| Stored data entries |
####################

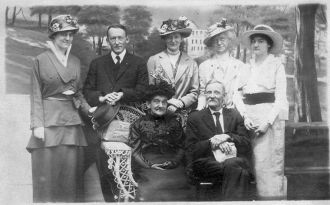 Wells Family, 1915 NY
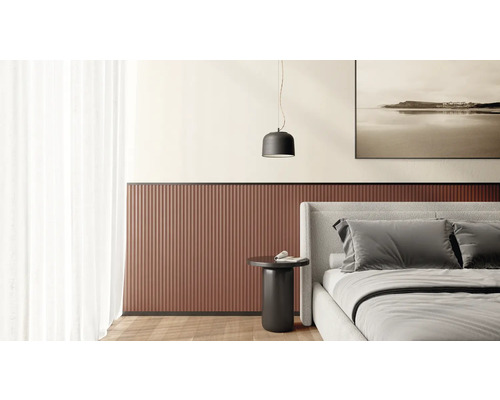 Schlafzimmer mit Wandpaneelen, Lampe und Nachttisch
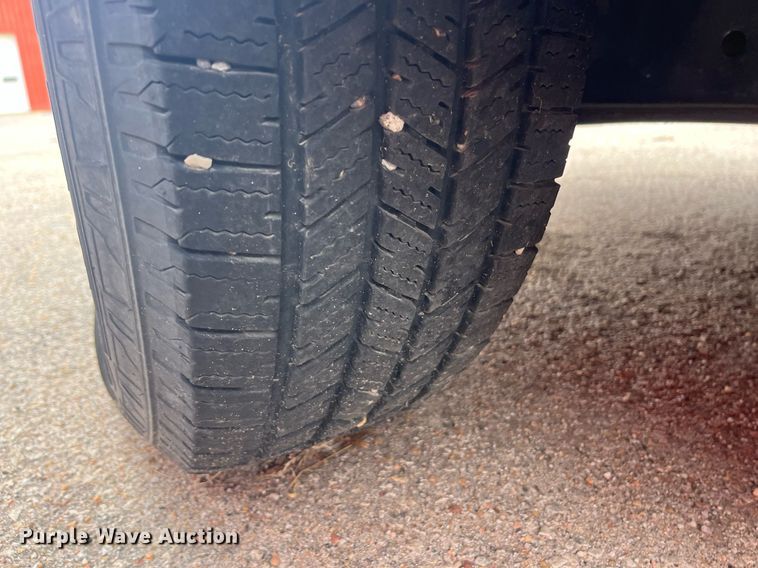 image for item DQ4099 2009 Ford F250 Super Duty  utility bed pickup truck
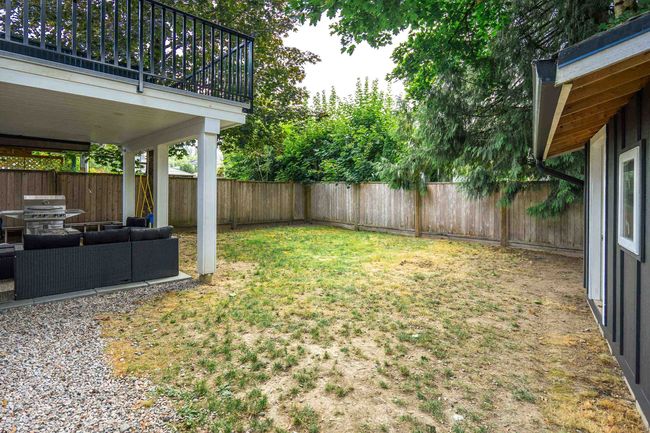 9465 214b Street, House other with 5 bedrooms, 3 bathrooms and 5 parking in Langley BC | Image 26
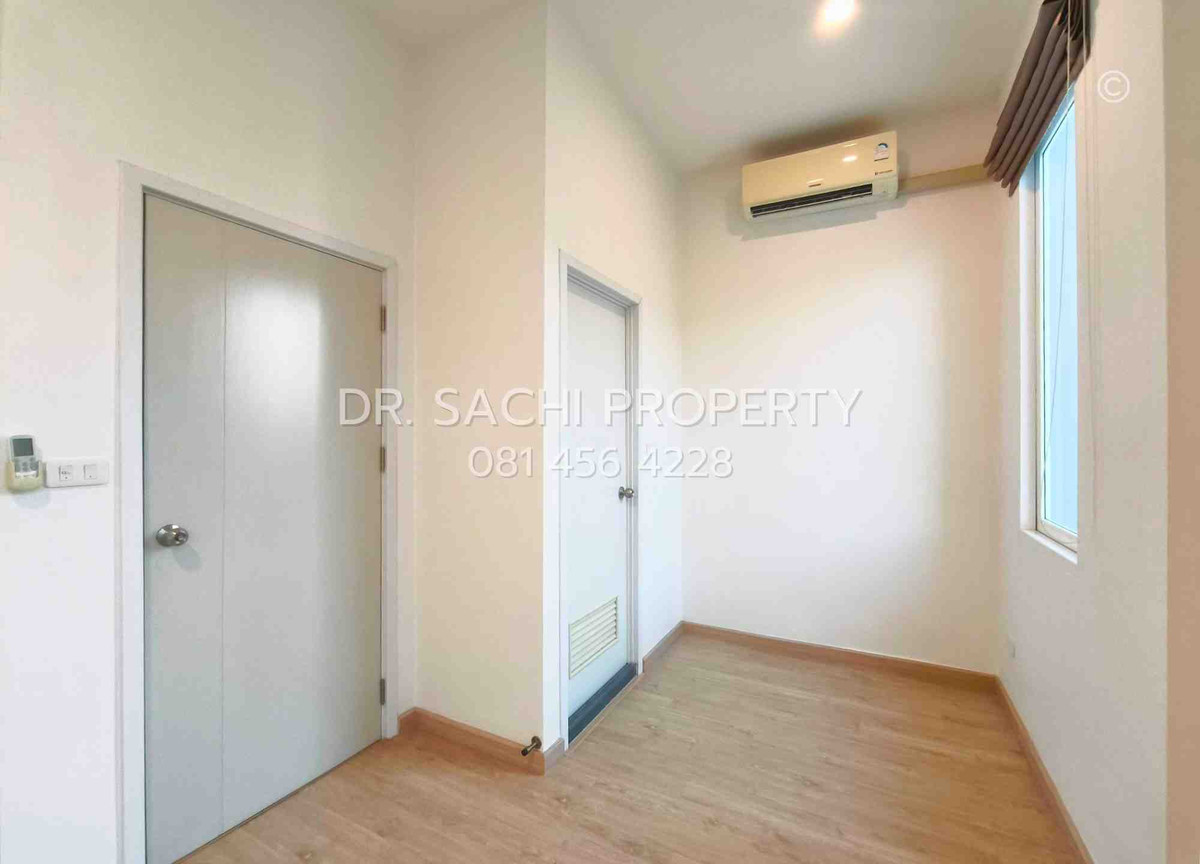 For SaleTownhomeBang kae, Phetkasem : Townhouse for sale Gusto Village, Petchkasem 69, beautiful, good location, ready to be near Sarasas Witaed School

####################

| Requirement |
Only one thing is required: an exact printout of the lines from the line containing "image for item" through the last line of the records, pictures excluded.

| Output below |
 image for item DQ4099 2009 Ford F250 Super Duty  utility bed pickup truck
 9465 214b Street, House other with 5 bedrooms, 3 bathrooms and 5 parking in Langley BC | Image 26
 For SaleTownhomeBang kae, Phetkasem : Townhouse for sale Gusto Village, Petchkasem 69, beautiful, good location, ready to be near Sarasas Witaed School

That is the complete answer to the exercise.